Nobel Prize in Physics Awarded to 3 Scientists for Work on Black Holes
Born in 1931 into an intellectual family, Dr. Penrose is a professor at the University of Oxford. When he was a child, he recalled in a recent interview, his father and his brother would play mental chess on family hikes, and his job was to keep track of the board.
A talented mathematician, he invented a new way of portraying space-time, called a Penrose diagram, which bypassed most of the mathematical complexities of general relativity.
His diagrams are now the lingua franca of cosmology. He proved that if too much mass accumulated in too small a place, collapse into a black hole was inevitable.
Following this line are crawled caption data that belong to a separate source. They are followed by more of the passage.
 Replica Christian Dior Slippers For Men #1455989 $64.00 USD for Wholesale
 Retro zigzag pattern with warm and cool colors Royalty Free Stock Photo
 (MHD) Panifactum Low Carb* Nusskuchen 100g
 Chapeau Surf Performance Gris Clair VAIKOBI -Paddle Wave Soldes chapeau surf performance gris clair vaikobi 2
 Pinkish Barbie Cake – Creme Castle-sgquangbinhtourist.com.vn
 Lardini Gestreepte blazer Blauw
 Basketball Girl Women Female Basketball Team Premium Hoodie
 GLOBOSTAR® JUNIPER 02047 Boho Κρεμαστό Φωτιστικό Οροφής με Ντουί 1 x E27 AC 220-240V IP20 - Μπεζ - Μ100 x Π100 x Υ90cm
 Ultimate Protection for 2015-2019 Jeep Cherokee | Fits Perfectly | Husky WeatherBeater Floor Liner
At the boundary of a black hole, called the event horizon, you would have to go faster than the speed of light — the acknowledged cosmic speed limit — to get away. So you could never escape. Inside the boundary, time and space would switch roles and so all directions would lead downward, to the center, where the density became infinite and the laws of physics, as we knew them, would break down.
He showed that the black hole would become a gateway to the end of time, the end of the universe.
He is also famous for discovering Penrose tiles, a way of tiling an infinite floor without ever repeating the pattern. He has also published iconoclastic views of artificial intelligence and the origins of consciousness in books like “The Emperor’s New Mind: Concerning Computers, Minds and the Laws of Physics.”